SENADOR FERNANDO COLLOR (Bloco Moderador/PTC - AL) – Não. Acho que temos de tratar de votar e aprovar a convocação de uma Assembleia Constituinte na eleição de 2022, depois de passada a eleição de 2018. Ou seja, temos de votar para que a Assembleia Nacional Constituinte se reúna em 2022, com uma eleição exclusiva.

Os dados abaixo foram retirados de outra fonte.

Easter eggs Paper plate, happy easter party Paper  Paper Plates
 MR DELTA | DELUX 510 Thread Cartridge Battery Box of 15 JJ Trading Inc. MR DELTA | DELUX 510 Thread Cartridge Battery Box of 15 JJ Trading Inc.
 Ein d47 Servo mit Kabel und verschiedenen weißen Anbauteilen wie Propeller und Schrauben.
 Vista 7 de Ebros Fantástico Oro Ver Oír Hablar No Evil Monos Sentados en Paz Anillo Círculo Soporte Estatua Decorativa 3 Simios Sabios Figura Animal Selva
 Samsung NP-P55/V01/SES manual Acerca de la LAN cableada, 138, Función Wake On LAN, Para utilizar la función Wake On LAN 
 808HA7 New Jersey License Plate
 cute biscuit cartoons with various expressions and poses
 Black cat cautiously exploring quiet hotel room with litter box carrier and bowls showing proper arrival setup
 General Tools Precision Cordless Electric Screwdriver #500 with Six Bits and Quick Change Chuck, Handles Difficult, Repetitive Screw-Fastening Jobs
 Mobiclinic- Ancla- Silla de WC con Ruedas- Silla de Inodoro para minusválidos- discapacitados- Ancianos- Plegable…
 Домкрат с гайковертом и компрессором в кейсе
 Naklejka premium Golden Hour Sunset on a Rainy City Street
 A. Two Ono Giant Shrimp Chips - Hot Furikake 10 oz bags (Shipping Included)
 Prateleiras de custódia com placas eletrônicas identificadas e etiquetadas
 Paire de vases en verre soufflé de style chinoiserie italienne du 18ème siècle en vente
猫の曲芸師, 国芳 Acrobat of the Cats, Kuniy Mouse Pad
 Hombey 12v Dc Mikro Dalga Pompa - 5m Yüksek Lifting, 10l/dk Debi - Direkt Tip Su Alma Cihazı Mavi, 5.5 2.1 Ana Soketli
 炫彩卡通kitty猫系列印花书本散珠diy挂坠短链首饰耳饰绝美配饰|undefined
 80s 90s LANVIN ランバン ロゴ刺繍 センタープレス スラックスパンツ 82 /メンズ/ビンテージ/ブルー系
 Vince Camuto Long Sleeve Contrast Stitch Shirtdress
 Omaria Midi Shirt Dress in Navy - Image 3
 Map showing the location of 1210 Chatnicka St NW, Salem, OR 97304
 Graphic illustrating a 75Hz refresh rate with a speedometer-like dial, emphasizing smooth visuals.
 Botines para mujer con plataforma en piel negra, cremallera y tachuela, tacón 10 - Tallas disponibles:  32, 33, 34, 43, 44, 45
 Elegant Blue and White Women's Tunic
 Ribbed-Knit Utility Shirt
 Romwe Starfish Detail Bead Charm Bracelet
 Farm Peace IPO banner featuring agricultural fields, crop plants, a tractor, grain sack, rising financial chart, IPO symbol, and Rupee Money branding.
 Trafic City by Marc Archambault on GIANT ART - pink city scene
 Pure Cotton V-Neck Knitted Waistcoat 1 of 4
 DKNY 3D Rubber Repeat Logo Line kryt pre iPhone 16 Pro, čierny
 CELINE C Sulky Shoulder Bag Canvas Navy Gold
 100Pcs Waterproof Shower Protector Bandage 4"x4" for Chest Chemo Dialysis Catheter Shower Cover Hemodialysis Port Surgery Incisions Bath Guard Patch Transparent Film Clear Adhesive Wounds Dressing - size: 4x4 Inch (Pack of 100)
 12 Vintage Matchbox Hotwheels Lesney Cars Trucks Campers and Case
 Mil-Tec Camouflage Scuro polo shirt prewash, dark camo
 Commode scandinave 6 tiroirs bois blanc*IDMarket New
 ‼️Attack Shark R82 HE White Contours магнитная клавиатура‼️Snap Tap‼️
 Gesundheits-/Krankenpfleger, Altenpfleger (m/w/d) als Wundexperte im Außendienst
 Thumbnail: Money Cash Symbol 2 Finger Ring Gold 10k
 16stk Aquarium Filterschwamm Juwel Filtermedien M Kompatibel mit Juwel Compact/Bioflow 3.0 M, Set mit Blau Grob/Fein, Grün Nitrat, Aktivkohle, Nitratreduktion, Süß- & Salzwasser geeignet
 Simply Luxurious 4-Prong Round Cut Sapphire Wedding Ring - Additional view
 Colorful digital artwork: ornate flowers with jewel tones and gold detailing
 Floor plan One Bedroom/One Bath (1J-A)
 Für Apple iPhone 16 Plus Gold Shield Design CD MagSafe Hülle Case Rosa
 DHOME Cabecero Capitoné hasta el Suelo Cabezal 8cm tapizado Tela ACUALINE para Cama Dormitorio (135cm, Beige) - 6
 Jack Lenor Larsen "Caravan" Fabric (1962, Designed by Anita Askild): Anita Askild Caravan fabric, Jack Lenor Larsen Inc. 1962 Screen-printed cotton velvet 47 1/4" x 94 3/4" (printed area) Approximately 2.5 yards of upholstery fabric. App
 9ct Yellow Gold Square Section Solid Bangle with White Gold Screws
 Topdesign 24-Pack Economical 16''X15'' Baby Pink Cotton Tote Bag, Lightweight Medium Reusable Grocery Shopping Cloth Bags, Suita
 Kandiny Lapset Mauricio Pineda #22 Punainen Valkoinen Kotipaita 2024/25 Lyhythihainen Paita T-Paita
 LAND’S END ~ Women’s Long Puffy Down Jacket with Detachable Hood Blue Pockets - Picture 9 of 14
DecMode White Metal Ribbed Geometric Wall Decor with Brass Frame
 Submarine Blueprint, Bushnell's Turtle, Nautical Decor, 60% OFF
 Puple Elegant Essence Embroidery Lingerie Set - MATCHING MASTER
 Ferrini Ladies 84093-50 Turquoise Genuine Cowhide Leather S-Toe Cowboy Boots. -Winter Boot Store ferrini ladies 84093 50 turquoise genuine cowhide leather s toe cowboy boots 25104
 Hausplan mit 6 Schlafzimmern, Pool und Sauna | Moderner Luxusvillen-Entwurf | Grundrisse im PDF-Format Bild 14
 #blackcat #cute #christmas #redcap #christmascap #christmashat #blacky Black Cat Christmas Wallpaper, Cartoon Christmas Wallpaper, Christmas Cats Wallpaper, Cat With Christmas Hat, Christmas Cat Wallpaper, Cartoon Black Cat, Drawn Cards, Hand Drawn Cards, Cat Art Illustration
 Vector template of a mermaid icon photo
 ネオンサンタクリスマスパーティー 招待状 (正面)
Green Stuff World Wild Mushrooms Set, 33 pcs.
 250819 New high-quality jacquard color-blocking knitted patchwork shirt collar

Deveria haver a eleição de Parlamentares aqui e a eleição exclusiva de pessoas, de brasileiros e brasileiras, para que formassem a Assembleia Nacional Constituinte que formularia a nova Carta Constitucional.

ENTREVISTADORA– Seria uma emenda constitucional votada...

SENADOR FERNANDO COLLOR (Bloco Moderador/PTC - AL) – Votada por este Congresso.

ENTREVISTADORA– Por este Congresso.

SENADOR FERNANDO COLLOR (Bloco Moderador/PTC - AL) – Votada pelo Congresso eleito em 2018.

ENTREVISTADORA– O senhor já apresentou essa emenda, Senador?

SENADOR FERNANDO COLLOR (Bloco Moderador/PTC - AL) – Não, não apresentei essa emenda ainda.

ENTREVISTADORA– Quando vai apresentar?

SENADOR FERNANDO COLLOR (Bloco Moderador/PTC - AL) – Apresentei a proposta. (Risos.)

É a tal coisa: isso é para não dizer que não ficou, de alguma maneira, registrado isso que coincide com aquilo que eu penso. Mas isso aí está perfeitamente de acordo com o que o povo também pensa e espera.

Então, foi por isso que apresentei essa série de sugestões, que é um incentivo para que todos nós pensemos na necessidade da convocação de uma Assembleia Constituinte exclusiva com esse objetivo.